In the popular media, in the U.S. and in countries across the globe, members of the scientific and business community are cited less often than politicians by a wide margin.
“Politics is the avenue through which people come to understand climate change, which may be a way to say that politics is a way people come to misunderstand climate change or, more accurately, how they come to understand mostly just the politics of climate change,” said University of Denver media studies professor Adrienne Russell, one of the authors of the book.
Russell told the Colorado Independent that recent statistics on public perceptions of climate change make more sense when seen in that light. As has been widely reported, climate change denial is increasing among the public even as the science becomes more robust and policy changes to address the issue take effect and the clean energy industry advances.

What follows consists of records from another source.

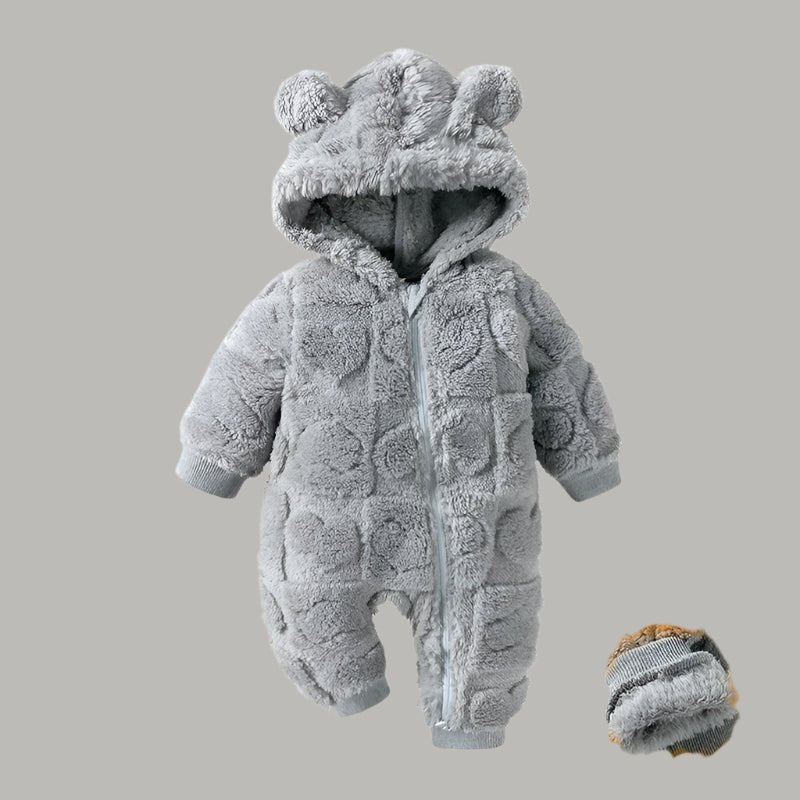 Une barboteuse bébé garçon chaude avec capuche grise 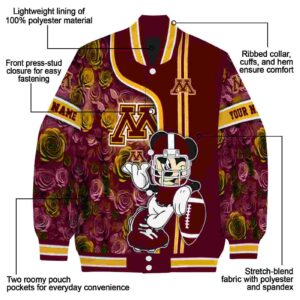 personalized minnesota golden gophers rose mickey maroon jacket new arrival jacketwow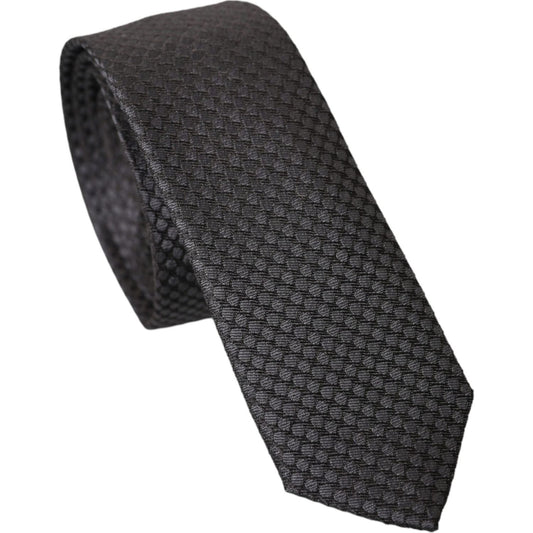 Dolce & Gabbana Black Patterned 100% Silk Adjustable Men Tie Dolce & Gabbana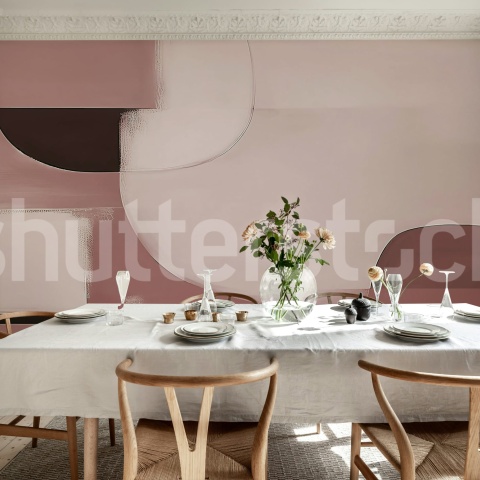 Fototapet, Abstract Shapes, Burgundy, Rebel Walls - Img 3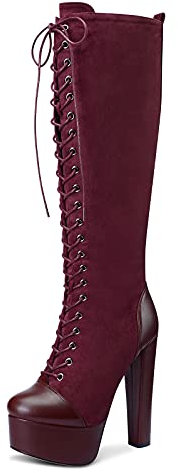 NobleOnly Donna Plateau Stivali Metà Polpaccio Cerniera Lacci Tacco a Blocco 15CM High Heels Boots Rosso Borgogna Scamosciato Scarpe EU45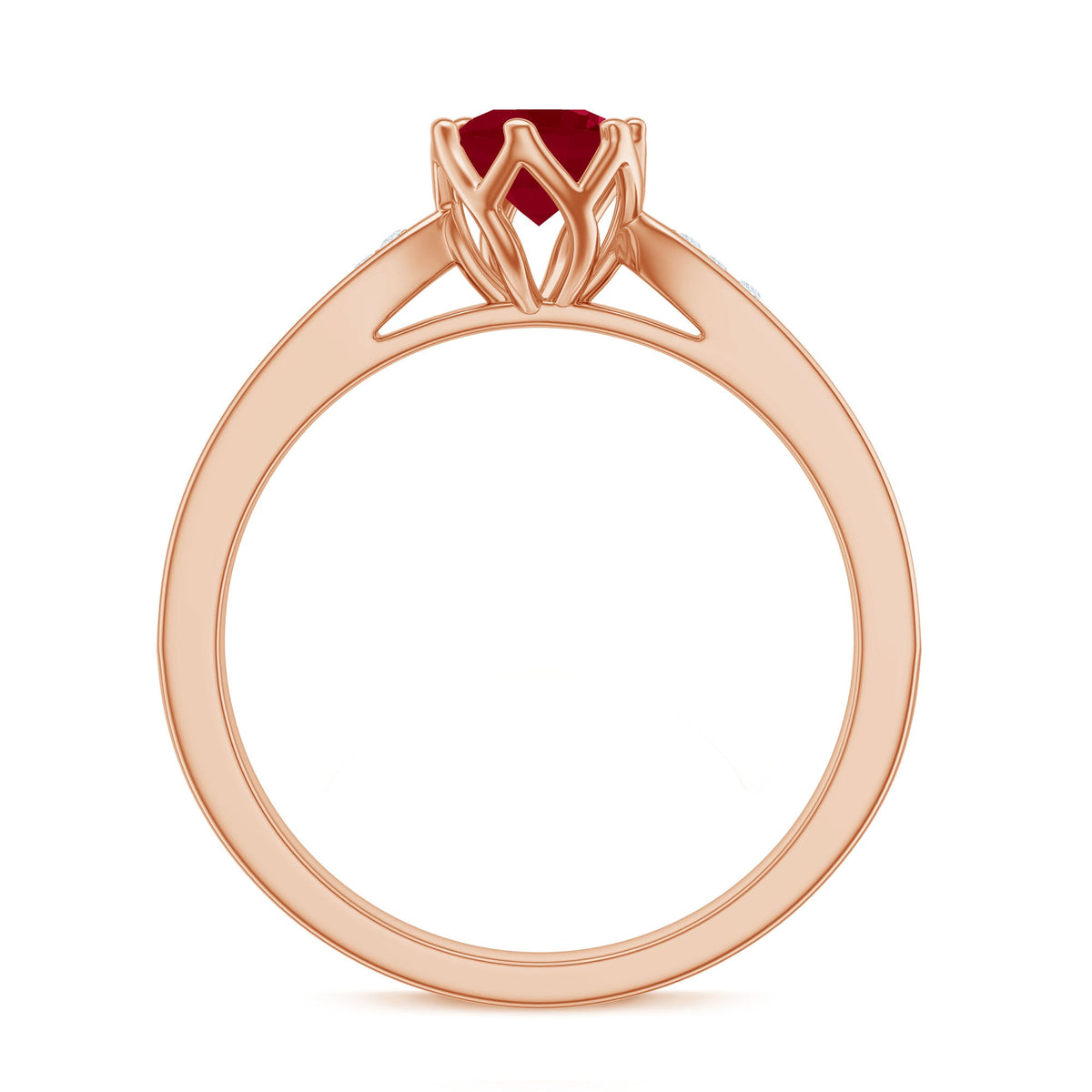 Real 0.6 Carat Ruby Engagement Ring with Diamond for Women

“In Copenhagen during the last summit, you had new-energy business people trying to tell their stories. Yet reporters from every country were largely quoting only politicians,” Russell said. “Granted, it was a United Nations summit. The big story was what policy would come out of the gathering. Yet, major business and science players were there too.
“Danish Climate Consortium representatives told me that the case they wanted to make at the summit was that alternative energy models developed in Denmark demonstrated that development could successfully take place without adding to global warming. The models show there is money to be made and infrastructure to build and energy to use in a post carbon-fueled world. This is a business topic. The story is that it can be done very successfully. Yet, by comparison to politicians, they were left to wander in the media wilderness.”
A chart from the book on journalism story sourcing at the UN summits:
Other interesting findings related in the book include the fact that reporters from nations more vulnerable to climate change– countries such as Bangladesh and Egypt– write more urgently and often about the topic than reporters based elsewhere. Also, women are rarely included in climate change reporting, making up a scant 12 percent of story sources.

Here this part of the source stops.